WALAUPUN kalah indah dibandingkan dengan ikan hias air laut,
ikan hias air tawar dalam akuarium sudah cukup memuaskan bagi
keluarga kami. Di dalam akuarium yang dibeli dari tepi Kali Code
ini kami menyaksikan ikan-ikan warna-warni, bentuk beragam-ragam,
tingkah laku berlainan pula. Angel fish yang begitu tenang berbeda
sekali tabiatnya dengan clown fish yang selalu ada urusan, bergerak
naik turun pada dinding kaca. Ikan clurut sering menyelipkan diri
pada tumbuhan air tapi biasanya beroperasi di dasar akuarium.
Kadang-kadang menyusup antara karang dan pasir, hanya ekor yang
tampak, mengingatkan kita pada perilaku burung puyuh waktu
ketakutan. Ikan Sumatera yang aktif dan suka bergerak mengelompok,
senantiasa menghidupkan suasana. Mereka seperti anak-anak yang
kocak dan tak berdosa.
Di luar dugaan saya, akuarium bisa juga menyajikan suasana yang sama
sekali tidak enak. Pada suatu hari seekor ikan biru, entah apa
namanya, menjadi cacad. Sudah habis sebahagian sirip ikan yang malang
ini. Lalu kami temukan agresornya, seekor ikan Sumatera yang kocak
itu. Dia sudah melakukan perbuatan yang tidak kocak. Dengan iseng dia
menyambar-nyambar, dan sambarannya berakibat fatal terhadap si ikan
biru. Angel fish hitam adalah ikan lain yang kemudian menemui ajalnya
karena siripnya cacad akibat agresi sesama ikan.
Peristiwa ini mengingatkan saya pada perilaku agresi bagi
makhluk hidup, yang di satu pihak memang berfungsi untuk
kelanjutan speciesnya. Teringat teori Darwin peri hal proses
seleksi alam: si lemah tersingkir oleh si kuat. Teringat pula
berbagai alinea Konrad Lorenz dalam bukunya King Solomon's Ring.

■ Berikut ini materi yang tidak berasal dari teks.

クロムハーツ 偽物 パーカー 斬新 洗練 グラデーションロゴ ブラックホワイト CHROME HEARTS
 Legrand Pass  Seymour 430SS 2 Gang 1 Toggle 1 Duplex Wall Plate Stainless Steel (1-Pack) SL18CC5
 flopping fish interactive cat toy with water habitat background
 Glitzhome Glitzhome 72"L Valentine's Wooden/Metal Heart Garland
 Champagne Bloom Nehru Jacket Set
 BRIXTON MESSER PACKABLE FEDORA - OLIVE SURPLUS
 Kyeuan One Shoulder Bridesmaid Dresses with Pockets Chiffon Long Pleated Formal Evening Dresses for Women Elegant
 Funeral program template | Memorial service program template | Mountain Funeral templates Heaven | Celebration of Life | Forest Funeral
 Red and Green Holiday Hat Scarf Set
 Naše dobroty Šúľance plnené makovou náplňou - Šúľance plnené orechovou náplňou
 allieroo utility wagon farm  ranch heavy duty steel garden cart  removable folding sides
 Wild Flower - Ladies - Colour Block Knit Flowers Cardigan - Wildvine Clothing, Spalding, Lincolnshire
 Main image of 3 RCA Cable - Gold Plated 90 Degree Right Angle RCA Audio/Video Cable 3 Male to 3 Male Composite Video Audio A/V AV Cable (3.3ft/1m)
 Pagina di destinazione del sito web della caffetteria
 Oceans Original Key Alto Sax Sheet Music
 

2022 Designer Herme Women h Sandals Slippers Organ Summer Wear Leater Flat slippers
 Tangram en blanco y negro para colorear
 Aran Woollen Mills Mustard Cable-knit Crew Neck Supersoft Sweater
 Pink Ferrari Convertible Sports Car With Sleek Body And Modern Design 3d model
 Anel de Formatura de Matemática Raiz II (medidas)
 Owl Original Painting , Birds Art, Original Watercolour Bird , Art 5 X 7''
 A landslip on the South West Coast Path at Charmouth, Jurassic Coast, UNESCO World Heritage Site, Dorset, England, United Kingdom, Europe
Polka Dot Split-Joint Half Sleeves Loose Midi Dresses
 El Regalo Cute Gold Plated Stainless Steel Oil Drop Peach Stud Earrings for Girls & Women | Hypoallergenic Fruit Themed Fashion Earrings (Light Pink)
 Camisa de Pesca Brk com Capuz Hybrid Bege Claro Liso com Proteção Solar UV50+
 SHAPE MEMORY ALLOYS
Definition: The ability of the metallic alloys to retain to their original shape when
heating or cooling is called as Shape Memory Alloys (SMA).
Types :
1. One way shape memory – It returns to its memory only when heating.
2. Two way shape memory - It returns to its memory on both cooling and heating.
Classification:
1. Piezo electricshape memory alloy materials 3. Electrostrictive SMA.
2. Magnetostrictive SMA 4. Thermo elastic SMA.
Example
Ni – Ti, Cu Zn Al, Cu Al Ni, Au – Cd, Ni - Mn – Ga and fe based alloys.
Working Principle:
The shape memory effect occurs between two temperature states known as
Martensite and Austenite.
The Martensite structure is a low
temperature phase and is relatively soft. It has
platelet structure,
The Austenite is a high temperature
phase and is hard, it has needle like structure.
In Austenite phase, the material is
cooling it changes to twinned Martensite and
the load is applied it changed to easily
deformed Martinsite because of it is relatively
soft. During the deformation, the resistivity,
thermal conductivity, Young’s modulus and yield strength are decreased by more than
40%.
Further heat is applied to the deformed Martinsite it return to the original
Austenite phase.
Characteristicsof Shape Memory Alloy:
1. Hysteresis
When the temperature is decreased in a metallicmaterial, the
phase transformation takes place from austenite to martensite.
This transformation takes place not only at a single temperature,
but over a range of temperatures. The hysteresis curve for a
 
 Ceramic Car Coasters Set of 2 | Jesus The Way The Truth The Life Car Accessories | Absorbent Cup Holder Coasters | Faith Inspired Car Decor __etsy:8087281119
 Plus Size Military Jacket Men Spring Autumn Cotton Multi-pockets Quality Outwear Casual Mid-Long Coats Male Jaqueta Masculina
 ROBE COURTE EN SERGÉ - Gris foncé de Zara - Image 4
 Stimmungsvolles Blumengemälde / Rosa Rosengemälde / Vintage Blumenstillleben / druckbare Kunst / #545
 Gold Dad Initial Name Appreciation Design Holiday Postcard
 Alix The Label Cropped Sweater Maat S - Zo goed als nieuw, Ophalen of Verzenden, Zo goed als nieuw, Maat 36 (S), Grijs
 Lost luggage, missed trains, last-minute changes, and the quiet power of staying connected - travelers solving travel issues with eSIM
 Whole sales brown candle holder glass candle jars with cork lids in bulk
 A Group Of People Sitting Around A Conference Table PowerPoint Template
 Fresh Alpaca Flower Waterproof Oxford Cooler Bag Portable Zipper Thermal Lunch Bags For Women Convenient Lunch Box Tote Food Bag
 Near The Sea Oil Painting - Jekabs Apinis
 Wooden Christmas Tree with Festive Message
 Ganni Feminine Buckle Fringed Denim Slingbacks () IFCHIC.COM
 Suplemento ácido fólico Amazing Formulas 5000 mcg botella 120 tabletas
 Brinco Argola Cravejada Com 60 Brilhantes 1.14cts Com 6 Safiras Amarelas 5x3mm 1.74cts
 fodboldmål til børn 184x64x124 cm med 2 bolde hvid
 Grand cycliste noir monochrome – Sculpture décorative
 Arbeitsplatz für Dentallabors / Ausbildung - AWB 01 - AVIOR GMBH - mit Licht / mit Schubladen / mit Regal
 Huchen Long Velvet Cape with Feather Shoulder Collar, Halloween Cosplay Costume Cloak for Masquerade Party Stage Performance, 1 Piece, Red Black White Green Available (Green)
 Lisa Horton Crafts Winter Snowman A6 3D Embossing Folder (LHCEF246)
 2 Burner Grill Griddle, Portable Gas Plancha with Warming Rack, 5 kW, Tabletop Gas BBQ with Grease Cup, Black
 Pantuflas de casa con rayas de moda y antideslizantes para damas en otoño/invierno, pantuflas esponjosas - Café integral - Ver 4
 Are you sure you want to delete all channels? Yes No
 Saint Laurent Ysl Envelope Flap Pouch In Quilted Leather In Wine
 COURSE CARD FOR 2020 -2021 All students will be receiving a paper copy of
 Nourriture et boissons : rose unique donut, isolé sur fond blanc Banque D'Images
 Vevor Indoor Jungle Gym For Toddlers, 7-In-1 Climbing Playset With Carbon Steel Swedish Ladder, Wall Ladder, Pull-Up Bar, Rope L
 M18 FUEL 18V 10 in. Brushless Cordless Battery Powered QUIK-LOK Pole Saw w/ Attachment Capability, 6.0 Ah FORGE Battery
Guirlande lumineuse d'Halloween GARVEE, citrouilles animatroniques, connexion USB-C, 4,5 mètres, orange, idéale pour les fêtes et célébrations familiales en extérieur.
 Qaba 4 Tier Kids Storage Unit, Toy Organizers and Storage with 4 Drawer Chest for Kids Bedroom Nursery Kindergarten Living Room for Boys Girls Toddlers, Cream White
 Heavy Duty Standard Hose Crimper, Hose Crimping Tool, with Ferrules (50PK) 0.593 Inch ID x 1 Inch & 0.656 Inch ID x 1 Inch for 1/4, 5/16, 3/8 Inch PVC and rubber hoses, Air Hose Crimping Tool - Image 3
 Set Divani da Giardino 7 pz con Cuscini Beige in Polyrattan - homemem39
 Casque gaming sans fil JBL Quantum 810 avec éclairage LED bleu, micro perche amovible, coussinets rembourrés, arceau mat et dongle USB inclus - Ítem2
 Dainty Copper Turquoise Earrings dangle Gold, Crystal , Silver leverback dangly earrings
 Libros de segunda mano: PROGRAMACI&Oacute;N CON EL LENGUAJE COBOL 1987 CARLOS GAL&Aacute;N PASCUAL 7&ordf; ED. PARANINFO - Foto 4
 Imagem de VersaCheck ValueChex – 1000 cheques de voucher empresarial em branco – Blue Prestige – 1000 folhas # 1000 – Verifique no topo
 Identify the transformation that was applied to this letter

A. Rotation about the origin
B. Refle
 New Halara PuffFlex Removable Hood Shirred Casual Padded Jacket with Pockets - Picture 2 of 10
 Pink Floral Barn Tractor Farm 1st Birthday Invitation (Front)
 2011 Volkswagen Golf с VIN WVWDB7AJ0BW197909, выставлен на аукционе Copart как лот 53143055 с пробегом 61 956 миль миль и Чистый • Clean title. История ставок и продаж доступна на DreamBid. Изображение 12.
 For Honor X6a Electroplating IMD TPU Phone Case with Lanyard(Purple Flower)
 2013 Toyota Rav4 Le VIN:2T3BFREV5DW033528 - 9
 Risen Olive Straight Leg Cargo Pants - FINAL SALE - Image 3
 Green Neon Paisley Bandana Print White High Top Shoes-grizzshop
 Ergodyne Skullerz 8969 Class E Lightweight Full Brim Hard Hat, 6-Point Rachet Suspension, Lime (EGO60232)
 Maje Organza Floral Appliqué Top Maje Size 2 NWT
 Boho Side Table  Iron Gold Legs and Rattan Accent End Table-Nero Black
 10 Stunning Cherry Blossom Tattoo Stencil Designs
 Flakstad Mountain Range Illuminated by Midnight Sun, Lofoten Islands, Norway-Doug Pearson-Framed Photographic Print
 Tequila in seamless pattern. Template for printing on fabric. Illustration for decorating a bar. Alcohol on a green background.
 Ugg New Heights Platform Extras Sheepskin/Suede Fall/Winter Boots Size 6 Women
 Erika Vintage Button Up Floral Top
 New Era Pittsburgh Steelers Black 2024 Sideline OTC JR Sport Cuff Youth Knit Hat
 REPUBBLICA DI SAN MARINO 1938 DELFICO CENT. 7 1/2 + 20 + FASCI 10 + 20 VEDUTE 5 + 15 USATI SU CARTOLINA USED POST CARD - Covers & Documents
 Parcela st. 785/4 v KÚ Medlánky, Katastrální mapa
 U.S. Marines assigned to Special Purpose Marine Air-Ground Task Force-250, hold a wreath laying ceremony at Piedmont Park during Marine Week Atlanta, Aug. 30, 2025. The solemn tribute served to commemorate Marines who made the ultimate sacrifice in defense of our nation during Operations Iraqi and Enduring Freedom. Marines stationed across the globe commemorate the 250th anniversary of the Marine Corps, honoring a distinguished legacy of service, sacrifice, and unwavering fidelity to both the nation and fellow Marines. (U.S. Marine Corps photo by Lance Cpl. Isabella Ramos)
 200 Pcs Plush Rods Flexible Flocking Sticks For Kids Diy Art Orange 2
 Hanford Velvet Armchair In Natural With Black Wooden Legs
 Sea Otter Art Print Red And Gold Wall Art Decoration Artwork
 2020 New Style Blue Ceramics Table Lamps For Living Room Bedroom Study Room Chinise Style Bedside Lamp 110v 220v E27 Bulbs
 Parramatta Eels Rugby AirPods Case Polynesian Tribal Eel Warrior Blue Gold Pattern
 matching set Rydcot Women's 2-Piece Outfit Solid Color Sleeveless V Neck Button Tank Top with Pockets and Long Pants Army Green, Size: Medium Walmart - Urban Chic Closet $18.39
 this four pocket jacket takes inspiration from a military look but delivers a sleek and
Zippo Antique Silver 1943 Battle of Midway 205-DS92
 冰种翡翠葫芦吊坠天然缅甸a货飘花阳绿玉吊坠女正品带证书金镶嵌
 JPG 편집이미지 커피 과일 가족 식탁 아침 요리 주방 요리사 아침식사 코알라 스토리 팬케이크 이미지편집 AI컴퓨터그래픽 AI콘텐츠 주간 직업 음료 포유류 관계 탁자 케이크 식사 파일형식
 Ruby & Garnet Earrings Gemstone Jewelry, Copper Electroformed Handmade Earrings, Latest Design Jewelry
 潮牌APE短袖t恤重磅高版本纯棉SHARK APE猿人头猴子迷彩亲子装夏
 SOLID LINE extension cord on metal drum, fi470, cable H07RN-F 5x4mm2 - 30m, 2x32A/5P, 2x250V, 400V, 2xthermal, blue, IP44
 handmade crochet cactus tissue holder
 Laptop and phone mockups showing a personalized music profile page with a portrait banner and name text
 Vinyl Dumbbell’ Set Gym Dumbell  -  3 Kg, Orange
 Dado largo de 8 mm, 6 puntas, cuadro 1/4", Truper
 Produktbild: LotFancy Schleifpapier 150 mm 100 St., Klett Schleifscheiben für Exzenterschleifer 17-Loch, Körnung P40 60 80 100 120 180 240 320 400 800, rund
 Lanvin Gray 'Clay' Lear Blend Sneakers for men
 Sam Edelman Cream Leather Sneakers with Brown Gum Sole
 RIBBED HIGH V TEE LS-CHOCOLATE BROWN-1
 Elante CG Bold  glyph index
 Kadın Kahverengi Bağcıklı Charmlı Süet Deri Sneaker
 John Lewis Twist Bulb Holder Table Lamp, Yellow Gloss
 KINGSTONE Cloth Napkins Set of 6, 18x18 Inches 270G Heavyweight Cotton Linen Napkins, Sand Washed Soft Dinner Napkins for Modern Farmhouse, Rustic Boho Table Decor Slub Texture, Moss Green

Di dalam buku yang memikat ini ada gambar (skets) perkutut
mencabuti bulu perkutut sebagai ekspresi dari agresinya.
Peristiwa ini terjadi dalam kandang burung Lorenz sendiri.
Kejadian ini betul-betul di luar dugaannya. Bayangan kita bahwa
serigala atau anjing lebih galak dari perkutut atau balam, tidak
bisa dibenarkan oleh Lorenz, pemenang Hadiah Nobel itu.
Ada satu mekanisme yang keterangannya begini. Lambang ketundukan
submissive (symbol/gesture) yang ditunjukkan oleh pihak yang
kalah dengan otomatis menghentikan agresi dari penyerang pada
berbagai species. Demikianlah, kalau seekor anjing yang galak
menghantam anjing lain, maka serangan itu serta merta berhenti
ketika pihak yang kalah menunjukkan lambang kekalahan: ekor
membengkok di antara kaki belakang yang merunduk, ditambah
beberapa sikap lagi yang khas. Dia menyerah kalah. Dia tidak
disakiti lagi dan ffdak dibunuh. Pihak penyerang tidak berniat
melanjutkan untuk menggunakan cakar dan taringnya lagi.
Di sini manusia dikalahkan anjing, yang secara manis diuraikan
Lorenz dalam buku tersebut dan juga dalam bukunya yang lain, On
Aggression. Manusia sering tidak mampu menghentikan agresinya
walau manusia yang diserang itu apakah ia pencuri ayam atau musuh
dalam perang -- sudah menyatakan tunduk dan minta ampun. Walaupun
dia sudah menunjukkan lambang ketundukan: merunduk atau angkat
tangan. Rupanya manusia yang berbudaya menjadi makhluk lain
ketika perilaku agresinya tidak terkendalikan. Di sana-sini
pencuri ayam yang minta ampun masih dipukuli sampai babak belur.
Yang tunduk dan minta ampun bisa pula terus kena pancung.
Sebaliknya manusia semakin mampu menciptakan senjata yang
bertambah mutakhir. Jurang semakin lebar antara kemampuannya
mengekang diri dan kesanggupannya menciptakan senjata-senjata
ampuh. Apakah jalan menuju kepunahan semakin melebar? Semoga
tidak demikian, berkat usaha manusia membina tali-temali
persahabatan dan cinta kasih yang meliputi seluruh ummat.
Ikan, anjing dan manusia mempunyai beberapa persamaan hakiki, di
antaranya nafsu agresi. Untuk lebih menjamin hak hidup sesama
ikan dalam akuarium saya, maka disingkirkan agresor tertentu,
walau rupanya cantik dan tingkah lakunya kocak. Anjing tidak
perlu kita risaukan karena punya kemampuan yang baik mengekang
diri, sekali musuhnya menunjukkan lambang ketundukan.
Tetapi manusia? Kiranya baik juga direnungkan soal ini
sekali-sekali di waktu senggang. Mungkin ada sesuatu yang dapat
dilakukan manusia untuk lebih mampu mengendalikan diri dalam
berbagai bentuk. Syukurlah kalau di dalam salah satu manifestasi
agresi, manusia lebih meningkatkan kemampuannya mengekang diri
-- untuk tidak memeras lagi mereka yang tidak bisa berkutik.